After a bank merger derailed his opportunity as a management trainee, Neil Bader moved over to the mortgage side at Bowery Savings Bank. He quickly figured he could be more successful in the growing mortgage brokerage industry.

He and a partner founded Skyscraper Capital, which in 1999 merged with IPI and its affiliate MortgageIT to become IPISkyscraper, creating at the time one of the top four mortgage brokers in the nation, according to MortgageStats.

After exiting the broker business, Bader went over to the banking side, first at Wells Fargo, and now as the executive vice president and national director of retail lending at The Federal Savings Bank.

That provides him with insight on the trends in how originations are done during that period, from the heyday of the mortgage brokers through the resurgence and then pull-back of the banks.

National Mortgage News spoke with Bader about his career. Responses have been edited for length and clarity.

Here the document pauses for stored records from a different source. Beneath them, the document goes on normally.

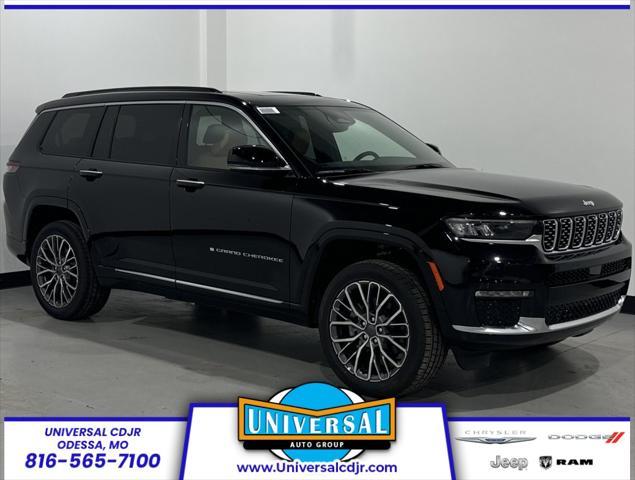 new 2025 Jeep Grand Cherokee L car, priced at $60,006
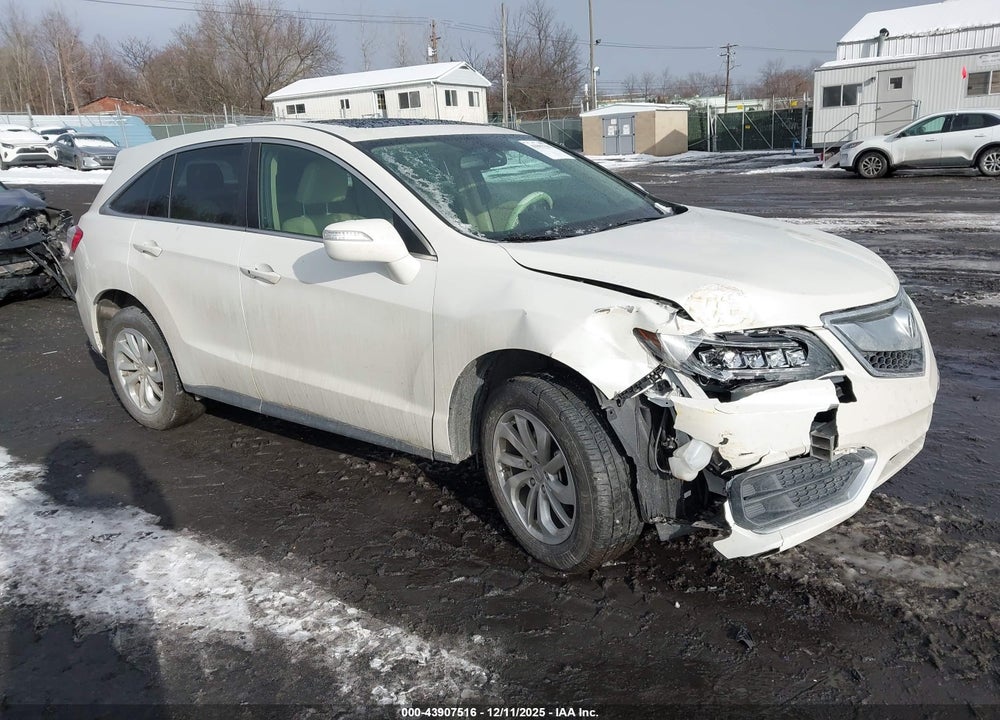 2018 ACURA RDX WATCH PLUS PACKAGE VIN: 5J8TB4H34JL023490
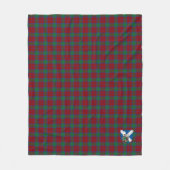 Couverture Polaire Scotts Lindsay Tartan Plaid (Devant)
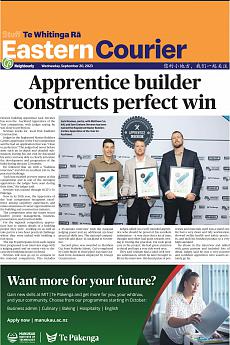 Eastern Courier - September 20th 2023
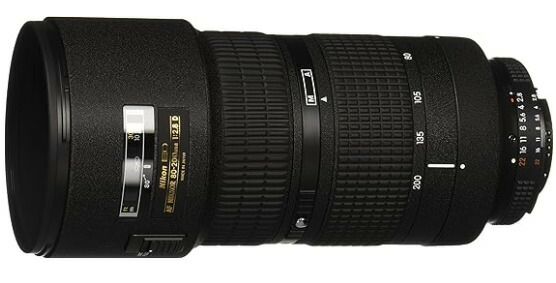[Used] [1-Month Warranty] Nikon Ai AF Zoom Nikkor ED 80-200mm F2.8D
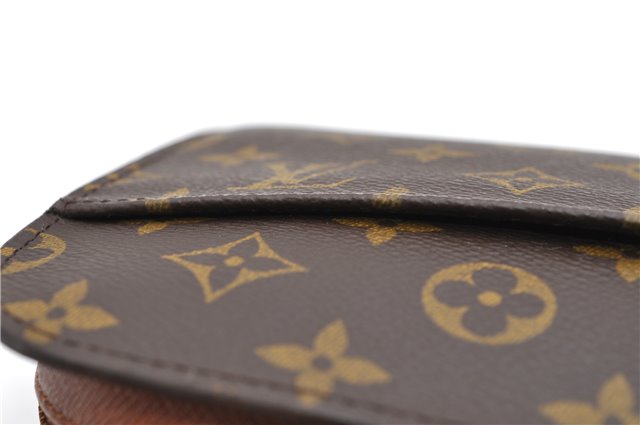 Authentic Louis Vuitton Monogram Orsay Clutch Hand Bag Purse M51790 LV 4582D
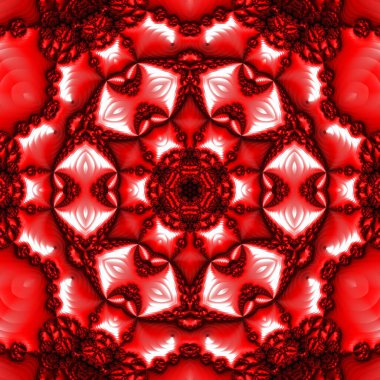 Soyut Bilgisayar Fraktal Tasarımı. Fraktal hiç bitmeyen bir desen. Fraktallar, farklı ölçeklerde kendine benzeyen sonsuz derecede karmaşık kalıplardır. Cep telefonu duvar kağıdı için harika.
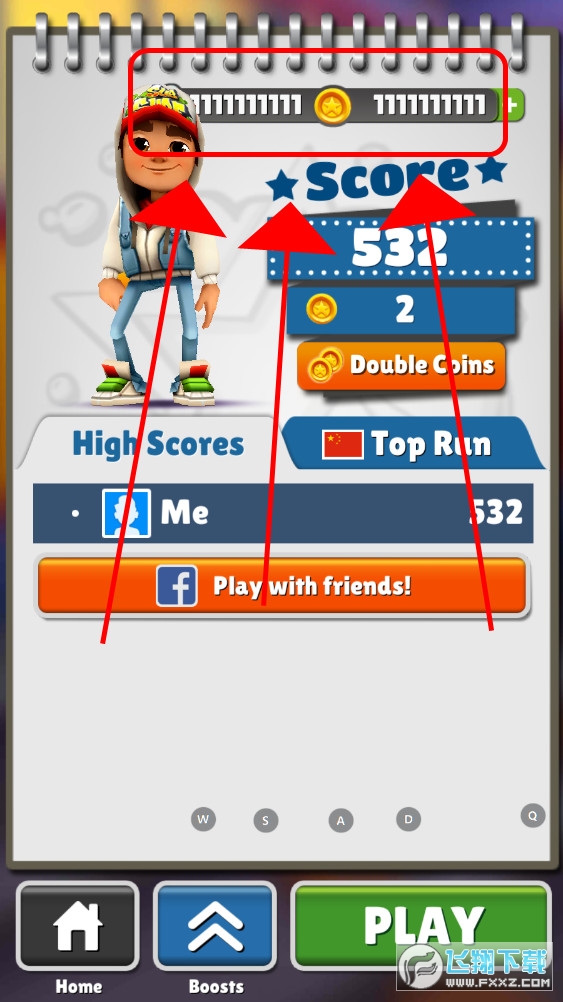Fܿƽ(SubwaySurf)v1.93.0°؈D1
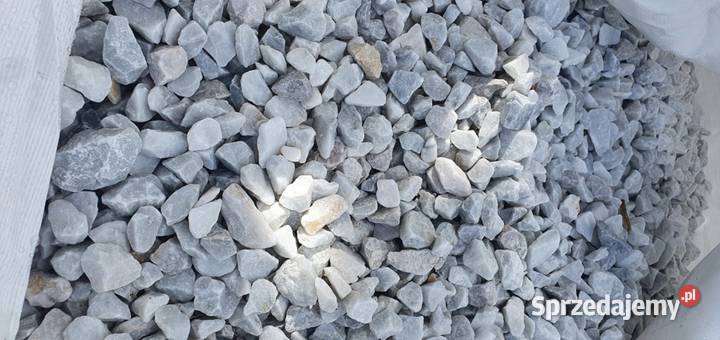 Grys Carrara marmurowy biały grys piękny ozdobny dolnośląskie Bielawa
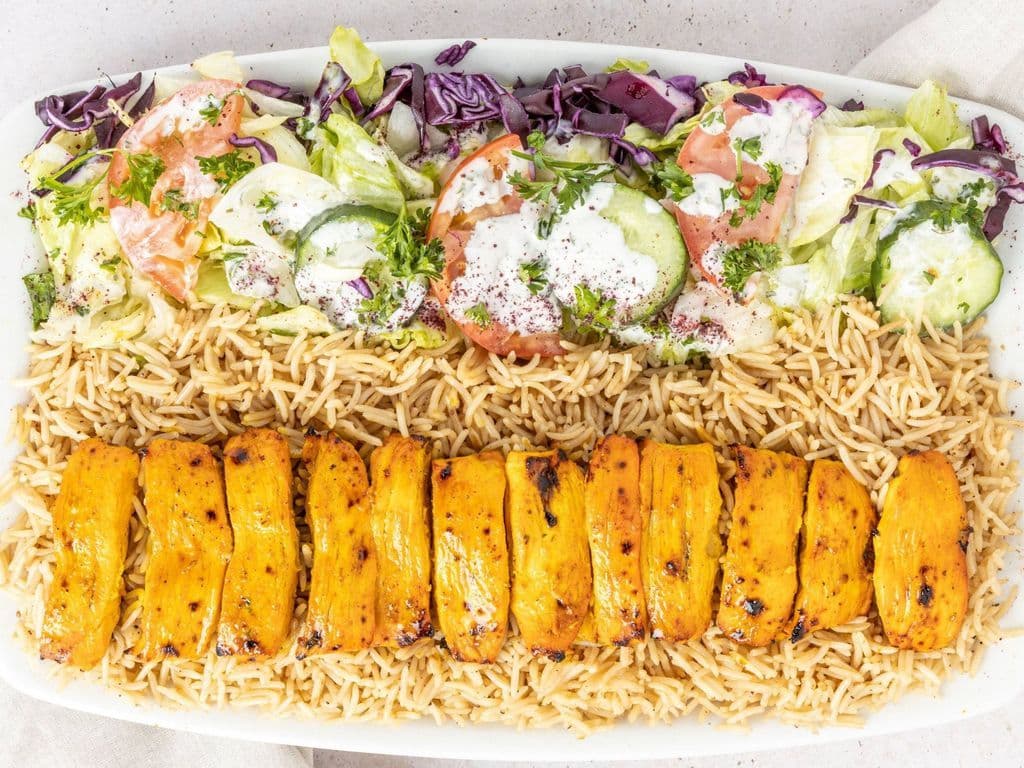 Chicken Breast Kabab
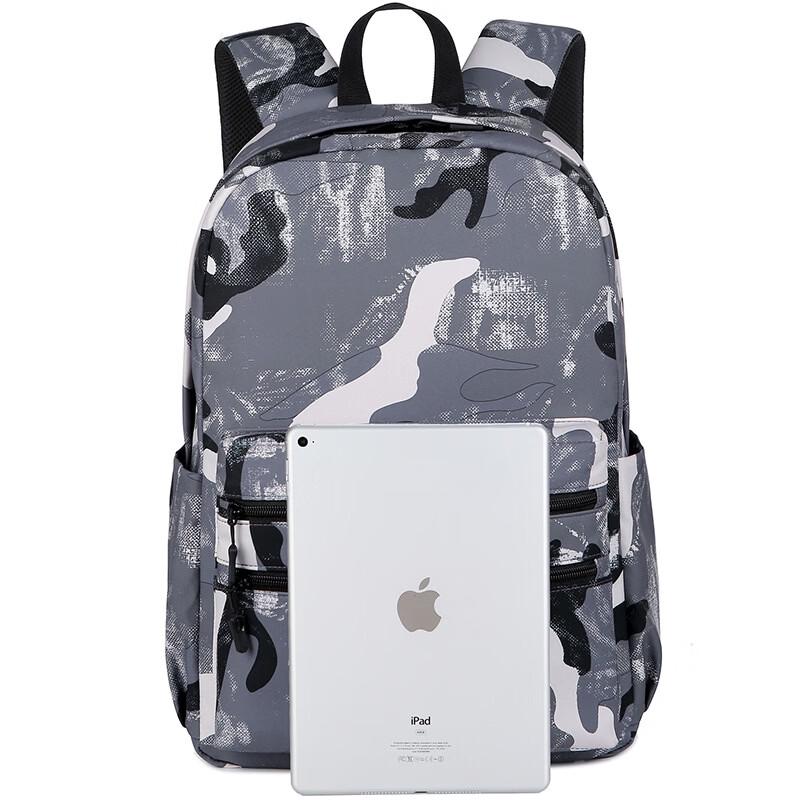 Sheng Lang Ge Men's Casual Laptop Backpack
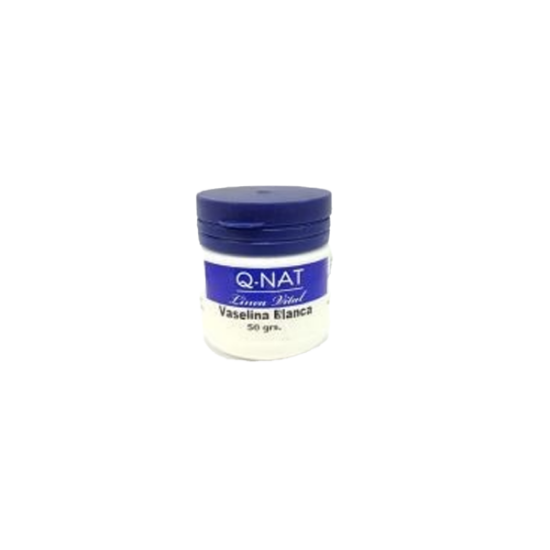 Imagen de Q-NAT VASELINA SOLIDA BLANCA 50 G.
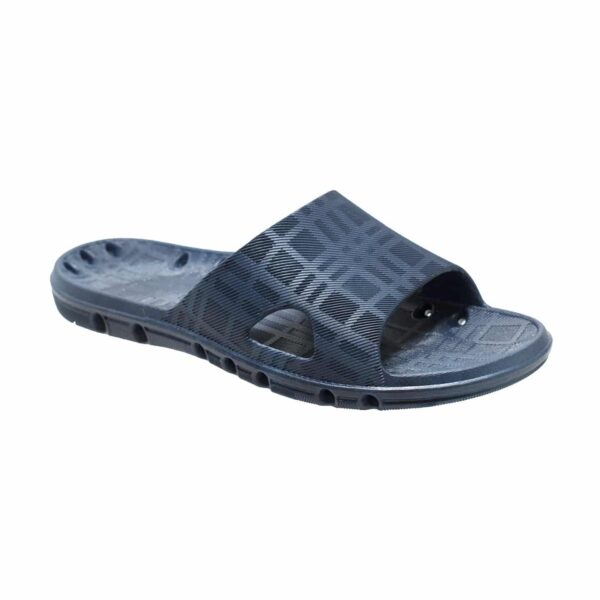 Women's PVC Slide Sandal Navy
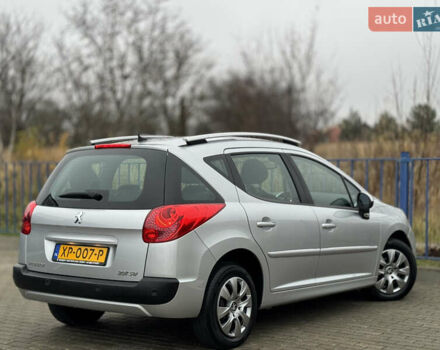 Серый Пежо 207, объемом двигателя 1.6 л и пробегом 119 тыс. км за 6500 $, фото 26 на Automoto.ua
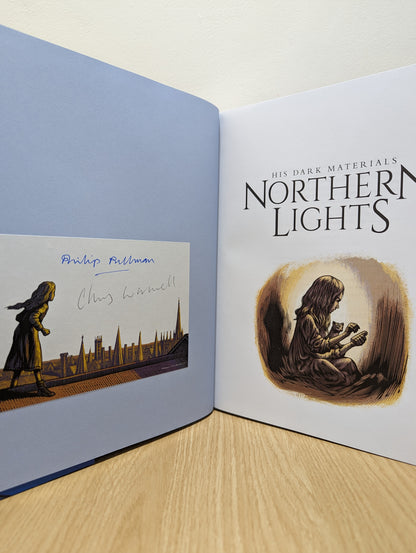 Northern Lights: His Dark Materials 1 (Signed First Illustrated Edition)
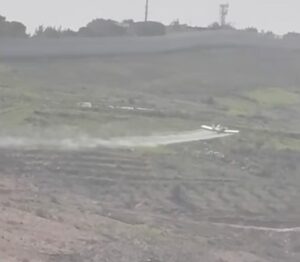 Israelische Kriegsführung: Glyphosat als Chemie-Waffe im Einsatz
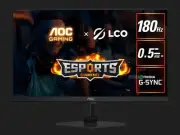 AOC 27' 180hz 1ms VA, FHD 1080 Adaptive Sync, 300 cd/m2, HDMI 2.0, DP 1.4, Line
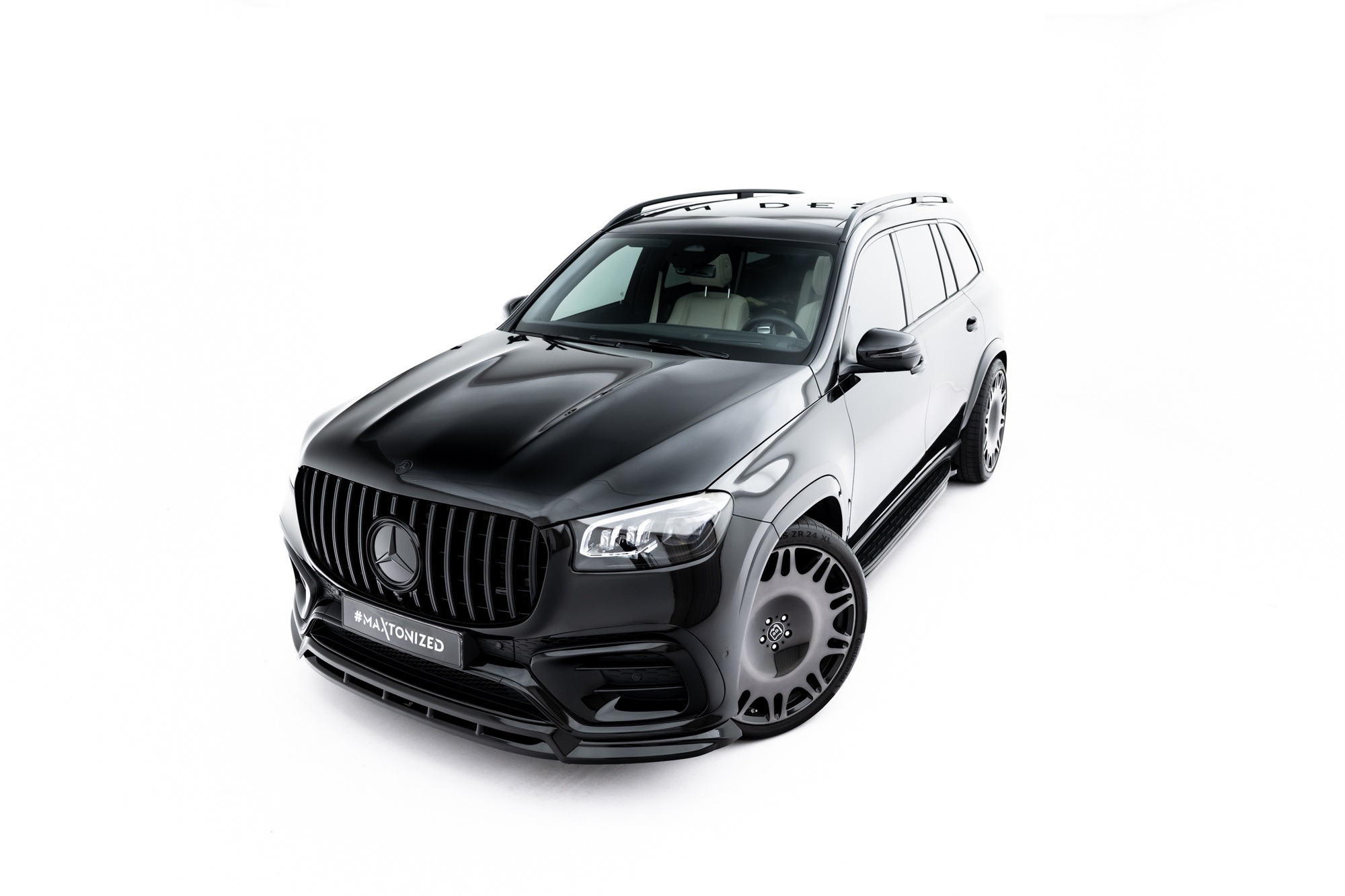 Bodykit passend voor Mercedes-Benz GLS Facelift AMG-Line X167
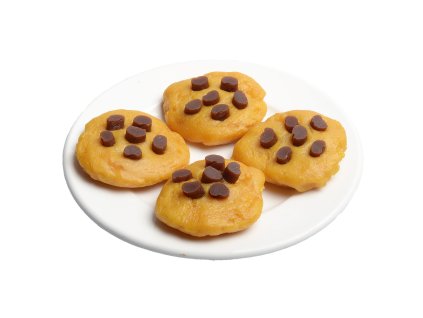 Chicken minced beef Cookies JUKO Snacks 250 g Expirace 2/25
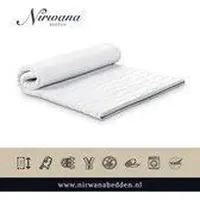 Nirwana bedden Topdekmatras - Topper 150x200 - Koudschuim HR50 8 cm dik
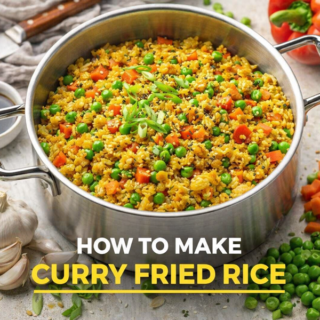 How To Make Curry Fried Rice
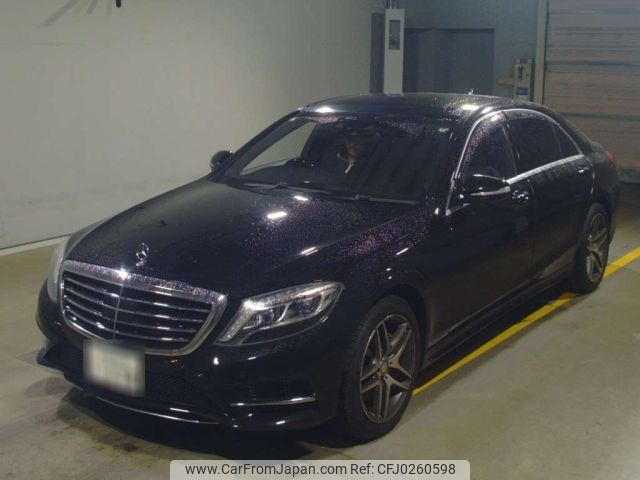 mercedes-benz s-class 2014 -MERCEDES-BENZ 【川崎 330も378】--Benz S Class 222182-WDD2221822A063397---MERCEDES-BENZ 【川崎 330も378】--Benz S Class 222182-WDD2221822A063397- image 1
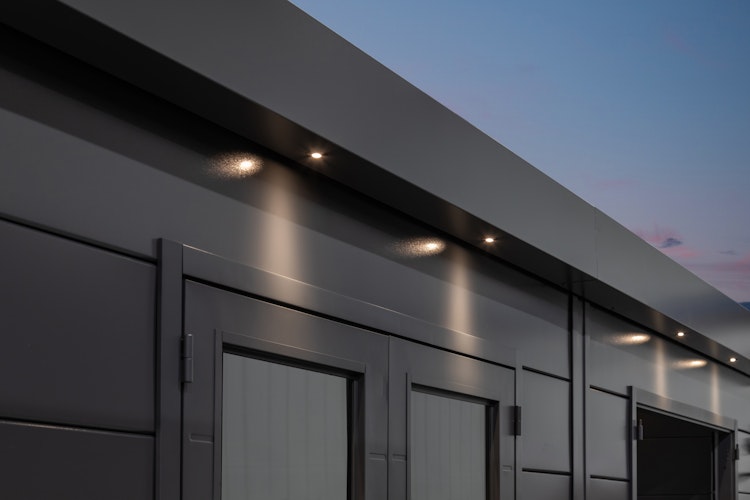 Telluria Strom Kit für Häuser mit Lounge-Anbau Small & Large (nur in Verbindung mit Innenwandpaket montierbar)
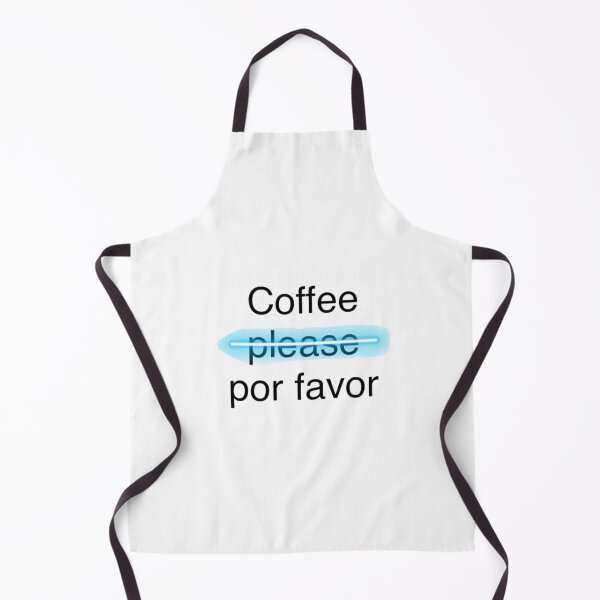 Item preview, Coffee por favor designed and sold by Roisin678.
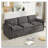 89"Upholstered 3-seater Sofa-2144104293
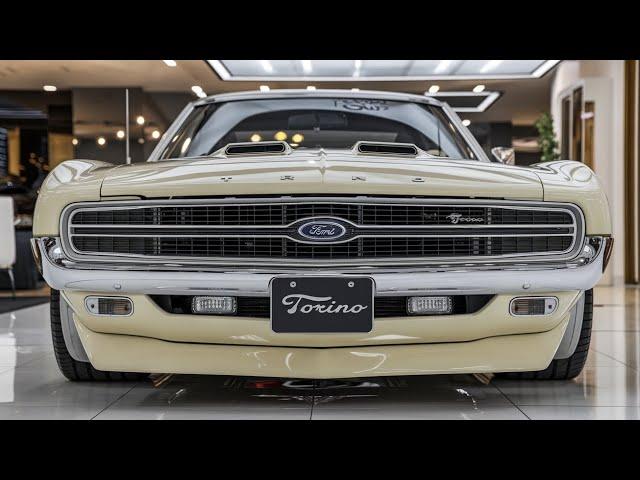 2025 Ford Torino – The Comeback of an American Classic"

On getting started in the mortgage business:

I've often said over the years that nobody goes to college to be in the mortgage business, and certainly not in 1986. The banks weren't really keen on opening branches in those days. They weren't doing as much cross-selling. It opened up this unique opportunity for mortgage brokerage. I worked for the Bowery Savings Bank, I went to a management training program. The day after I went there, they got taken over by H.F. Ahmanson, which was the parent of Home Savings of America, one of the big California lenders. They were like, "you can't do management training anymore, you can be a teller, you can be in the mortgage business." The next thing I knew, I was doing mortgages and I immediately found a couple of young guys to go into mortgage brokerage.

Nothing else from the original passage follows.